Population (2014 census)
- • Total: 719
- Time zone: UTC+2 (EET)
- • Summer (DST): UTC+3 (EEST)

= Fuzăuca =

Fuzăuca is a village in Șoldănești District, Moldova.

==Demographics==
According to the 2014 Moldovan census, Fuzăuca had a population of 719 residents. All inhabitants lived in a rural setting, resulting in a population density of approximately 40.85 people per square kilometer across the village’s 17.60 km² area. Between 2004 and 2014, the population saw a slight annual decrease of 1.3%, indicating a gradual demographic decline.

The gender distribution was fairly balanced, with women representing a slight majority at 52% (374 individuals) compared to men at 48% (345 individuals). In terms of age structure, the working-age population (15–64 years) accounted for 67.9% (488 people), while children under 15 made up 19.7% (142 people). Seniors aged 65 and older represented 12.4% (89 people), suggesting a modest aging trend within the community.

Ethnically, Fuzăuca is notably diverse. Ukrainians comprised the majority at 51.1% (362 residents), followed closely by Moldovans at 46.9% (332 residents). A small minority of 2% (14 individuals) identified as Russians. This diversity is reflected in the village's linguistic makeup: 48.7% of the population reported Ukrainian as their native language, 33.9% Moldovan, 9.4% Romanian, and 8% Russian.

Despite its ethnic and linguistic variety, Fuzăuca is religiously homogeneous, with 100% of the population identified as Orthodox in the census.
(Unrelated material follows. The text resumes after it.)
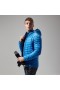 Men Cuillin Insulated Hoody -Blue/Dark Blue | Berghaus Insulated
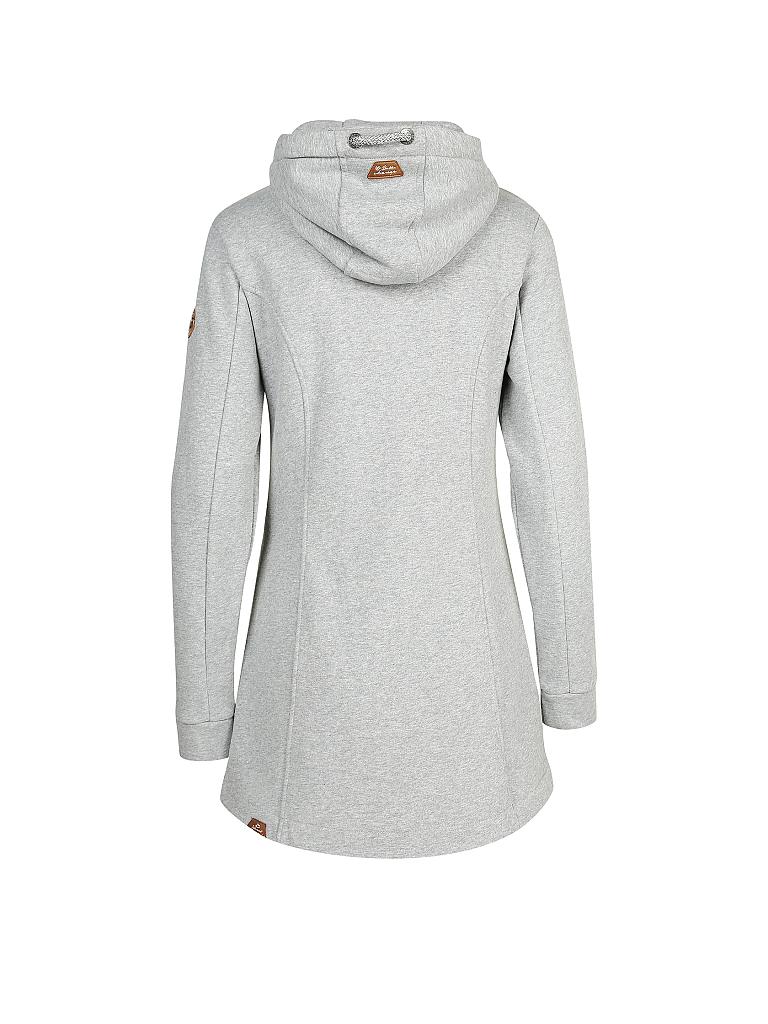 RAGWEAR | Sweatjacke "Letty" | grau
Overall, Fuzăuca's demographic profile paints a picture of a small, multiethnic rural village with a slightly declining and aging population, strong Orthodox religious cohesion, and a significant Ukrainian cultural presence.

==Administration and local government==
Fuzăuca is governed by a local council composed of nine members. The most recent local elections, in November 2023, resulted in the composition of all 9 councillors from the Party of Socialists of the Republic of Moldova. In the same elections, the candidate from the Party of Socialists of the Republic of Moldova, Sava Tcaci, was elected as mayor winning all 100% of the vote.